志磨:へぇ~、そうなんだ。でも影響はされてるんだろうな。確かに全開で歌っちゃうし。制作の手順はいつもと同じだったんですけどね。もともとのメロディーを僕が持って行って、4人で構築していって曲になっていって、歌詞を書いて、仕上げる。
──歌詞をトートロジーにしようと思ったのはどのタイミングで?
志磨:最初はまったく違うイメージで進めてたんですよね。しかも2番も普通に歌やったんです。歌詞を書く段階で、2番を歌わないっていうのを思いついて。で、内容はどうしようかって考えてたときに、僕は僕だ、1位以外は1位じゃない、こういうの何っていうんやったっけ? トートロジーか!って。そんときパッと思いついたのが、Perfumeの「ポリリズム」で、あれってポリリズムで「ポリリズム」という曲を展開しているんですよね。だったら僕は、「トートロジー」でトートロジーを歌い続けるっていうのをやろ!と思って(笑)。

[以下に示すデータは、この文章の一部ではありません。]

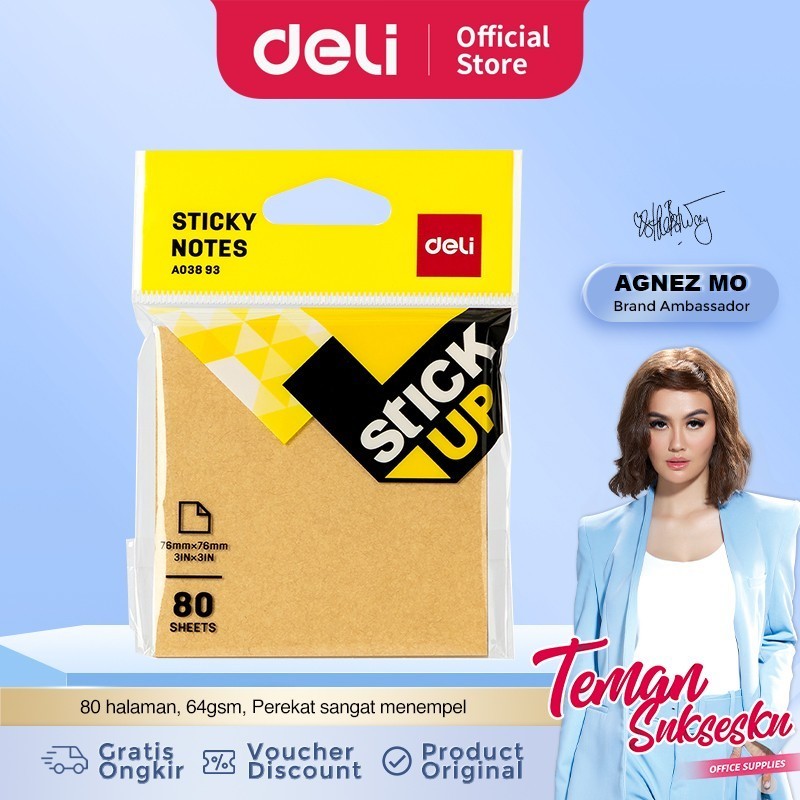 

Deli Sticky Notes Kraft Stick Up 76 x 76mm 80 Sheets - EA03893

──おかげさまで、トートロジーの使い方がよくわかりました(笑)。
志磨:僕もわかってきたんです(笑)。意味がかぶってて、実は何の説明にもなってないんだけど、強調されてるやつでしょ。自分の中で、トートロジーっていうのはすごくロックンロール的や!ってことに気づいたんです。イヤな物はイヤだ!みたいな。

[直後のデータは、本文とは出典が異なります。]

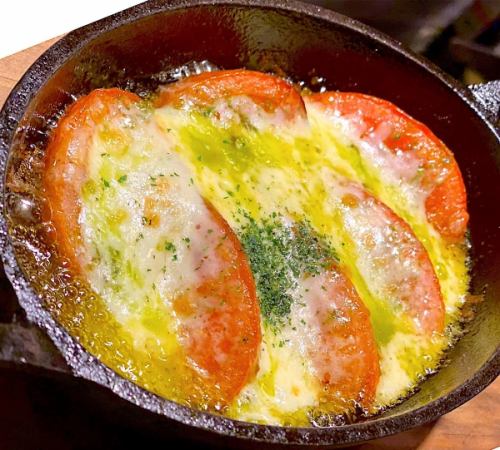 Fresh tomatoes baked in a cheese oven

──どんなにメチャクチャな話も、叫んでいれば納得させられちゃうという(笑)。
志磨:なんとなく、そうか!ってなる(笑)。何度も繰り返すと、なんだか正しい気がしてくるんですよね。あとロックって、リフレインが好きでしょ? まさにトートロジーじゃないですか。
──歌詞を書く作業において、新たな扉を開いちゃいましたね。
志磨:そうなんです。だからすごいね、書いてて楽しかったんです。
──トートロジーによって強調されたメッセージと、シンプルで強いサウンドワークのバランスも見事です。
志磨:やっぱり、なんていうのかな、無意識なのか、物心ついたっていうことなのか、とにかくシンプルにするっていう方向だったんですね。シンプル以上のことをしないっていう。アルバムもすごいシンプルだったんですけど、もっと簡略化して強いものに向かいましたね、それはもう、4人とも。
──それゆえに、志磨さんが元来持っているメロディーの強さも増幅しているんです。
志磨:それはうれしいな。なら成功ですね、よかった。